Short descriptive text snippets
___

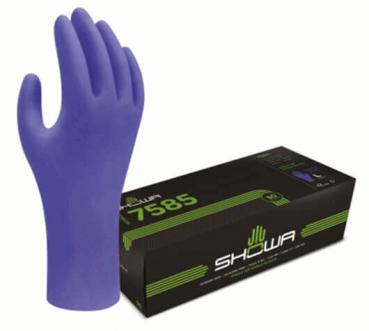 Das Bild zeigt einen lila Gummi-Handschuh, der aufrecht steht, neben einer schwarzen Verpackung mit grünen Akzenten, auf der "SHOWA 7585" steht.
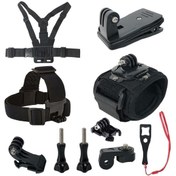 Resim Gplus St010 Gopro Hero 10 Eken H9r Sjcam Sj4000 Aksiyon Kamera Kafa Bandı Göğüs Kemeri 10 Parça Set 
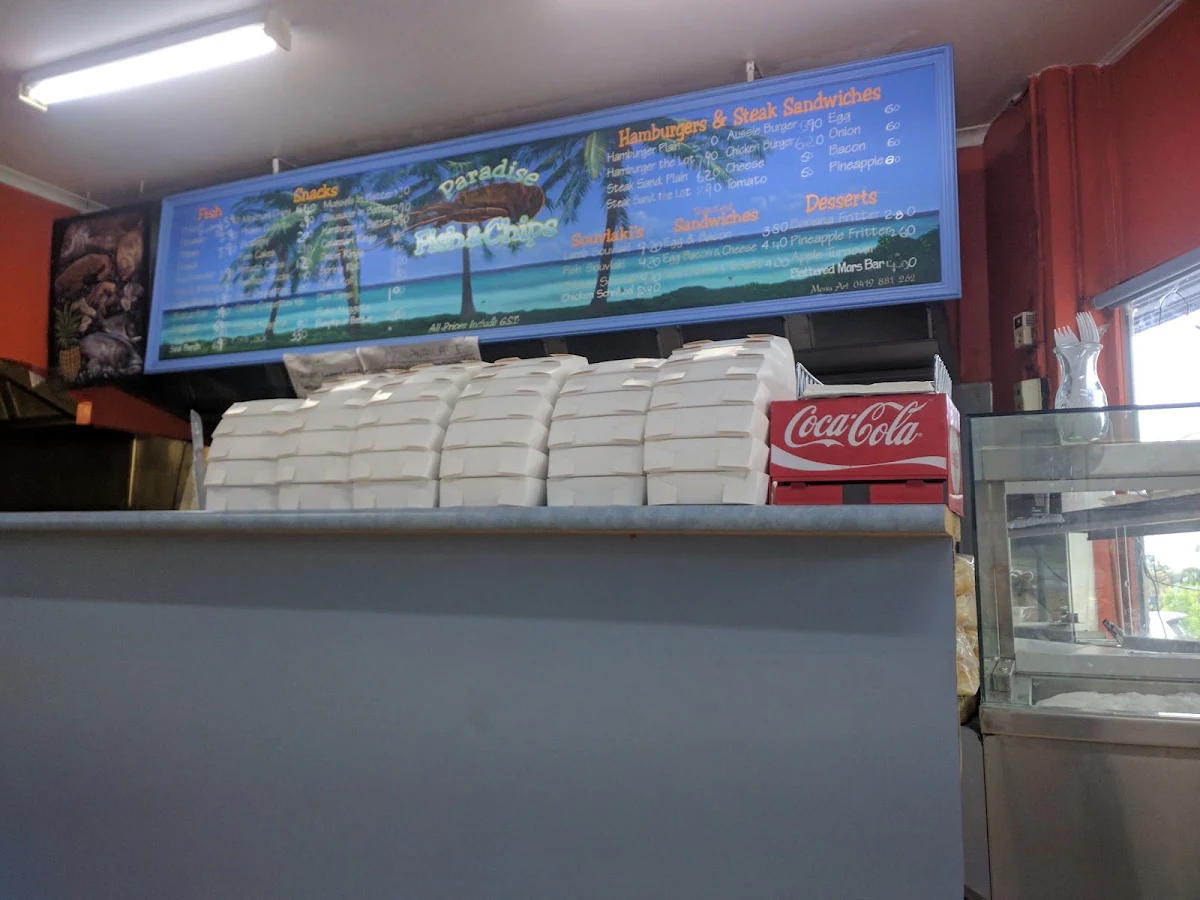 Menu, Paradise Fish & Chips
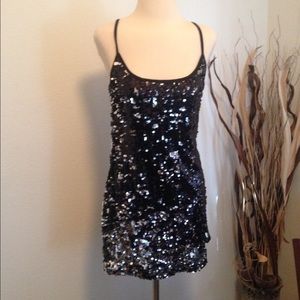 Black and silver sequin party dress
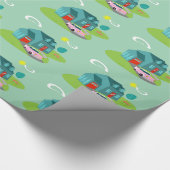 レトロの郊外の家の包装紙 ラッピングペーパー (角)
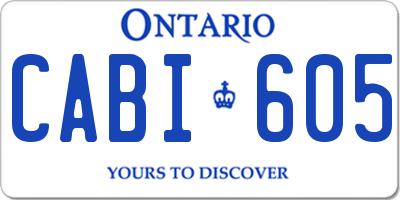 ON license plate CABI605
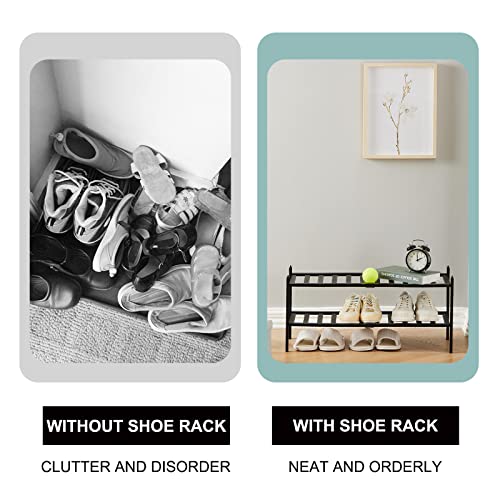 quiseolu Bamboo Shoe Rack 2 Tier Stackable Shoe Shelf Small Shoe Racks DIY Free Standing Shoe Stand for Closet Entryway Bedroom Floor Dorm Sturdy Black Shoes Organizer D11 * W27.2 * H12.6 Inches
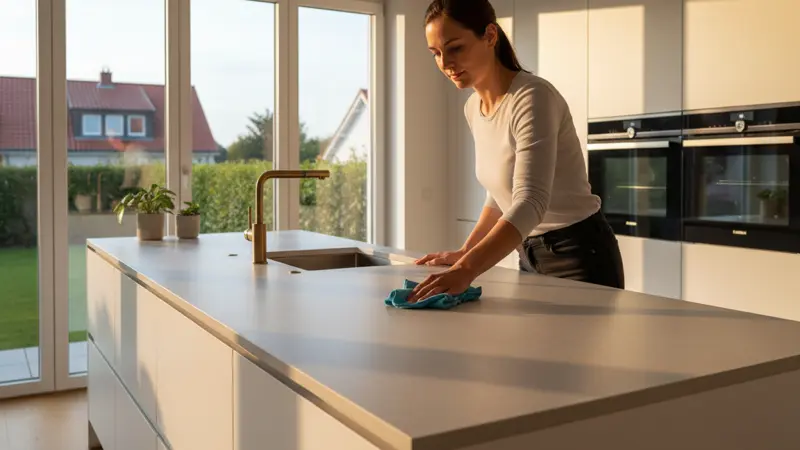 Frau reinigt eine Küchenarbeitsplatte mit einem Mikrofasertuch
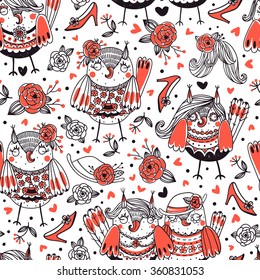 vector seamless pattern with cute fancy owls and girlish accessories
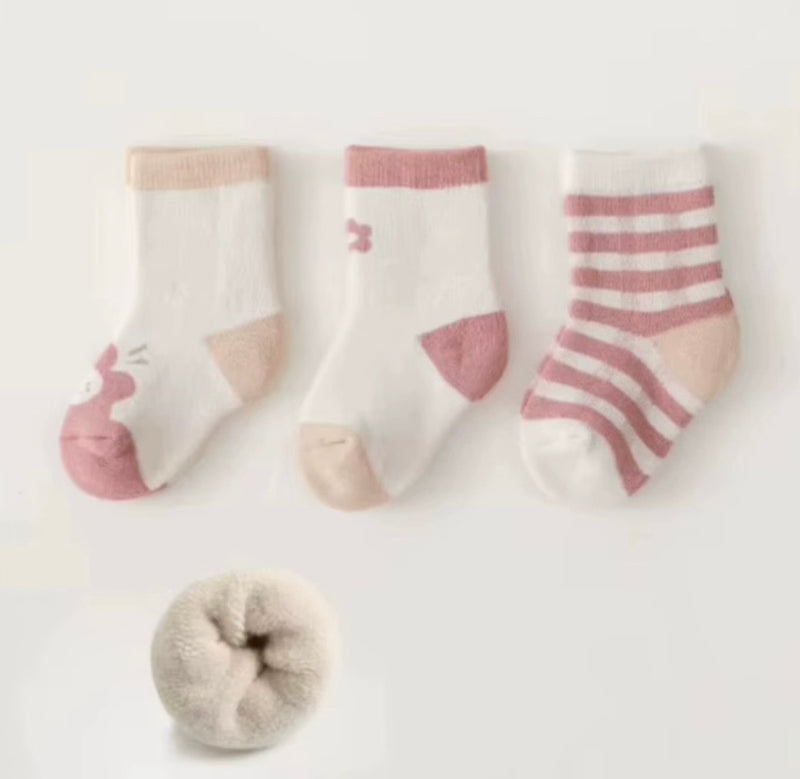 Load image into Gallery viewer, Chaussettes d’hiver doublées pour enfant 100% coton

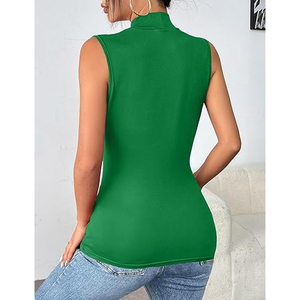 Body de Mujer Blanco sin Mangas con Cuello Alto, Ajustado, Elástico, Elegante, de Spandex/Poliéster con Bordado, Estilo Casual - Product Image 4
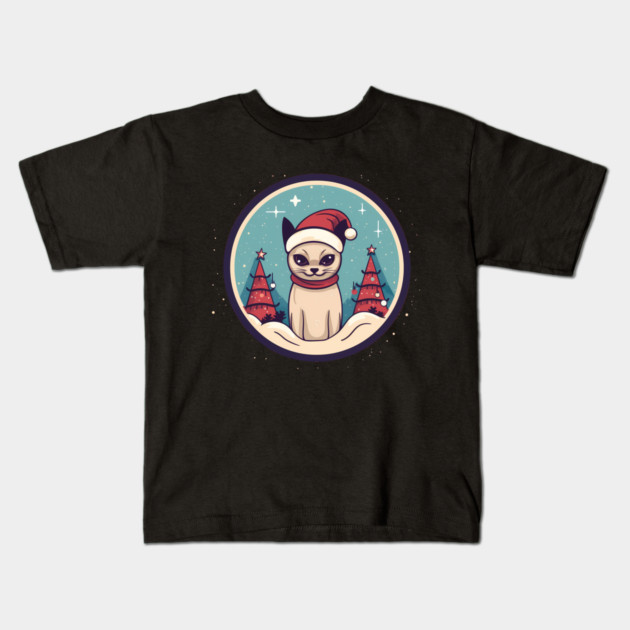 Siamese Cat Xmas, Love Cats Kids T-Shirt by logiamerch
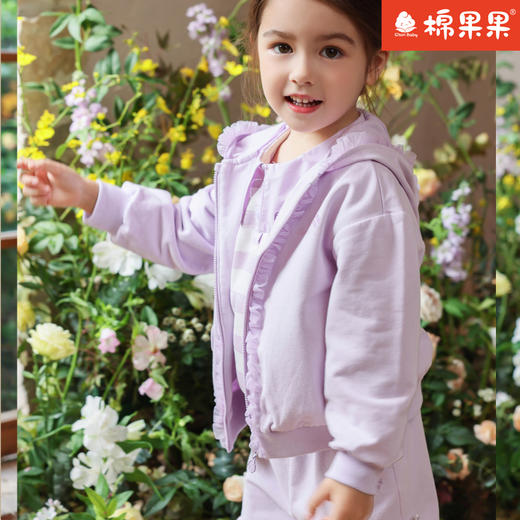 棉果果专柜同款春季新品女童全棉质感针织连帽外套M122100224004 商品图0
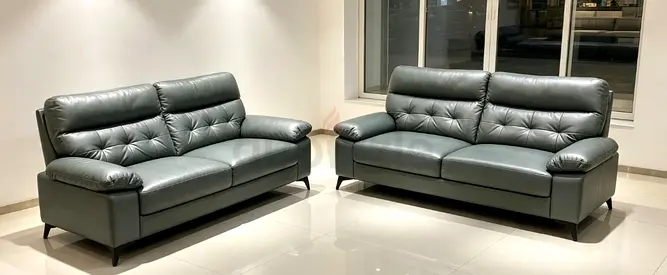 Pair of Grey Leather 3+2 Seater Sofas — Good Condition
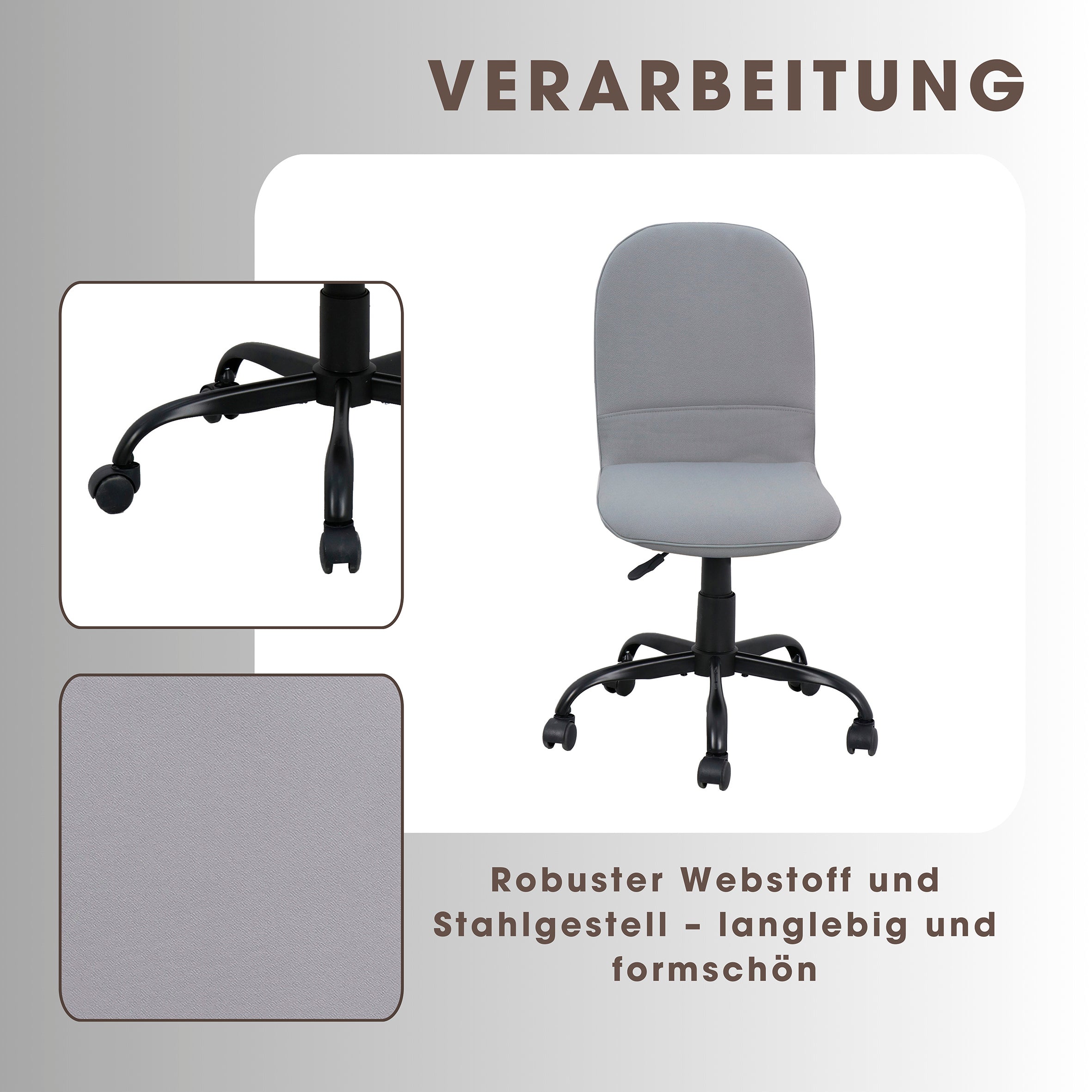 byLIVING Bürostuhl TROLLY Drehstuhl / Kinderstuhl / Metall schwarz pulverbeschichtet / Bezug Webstoff pink oder hellgrau / klappbar / Sicherheitsdoppelrollen / Maße: B 42, H 85-95, T 54 cm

___

Requirement. From the first line of the records through the line containing "ON license plate CABI605", please output exactly those lines and nothing more, leaving out the pictures.

Written reply.
 Das Bild zeigt einen lila Gummi-Handschuh, der aufrecht steht, neben einer schwarzen Verpackung mit grünen Akzenten, auf der "SHOWA 7585" steht.
 Resim Gplus St010 Gopro Hero 10 Eken H9r Sjcam Sj4000 Aksiyon Kamera Kafa Bandı Göğüs Kemeri 10 Parça Set 
 Menu, Paradise Fish & Chips
 Black and silver sequin party dress
 レトロの郊外の家の包装紙 ラッピングペーパー (角)
 ON license plate CABI605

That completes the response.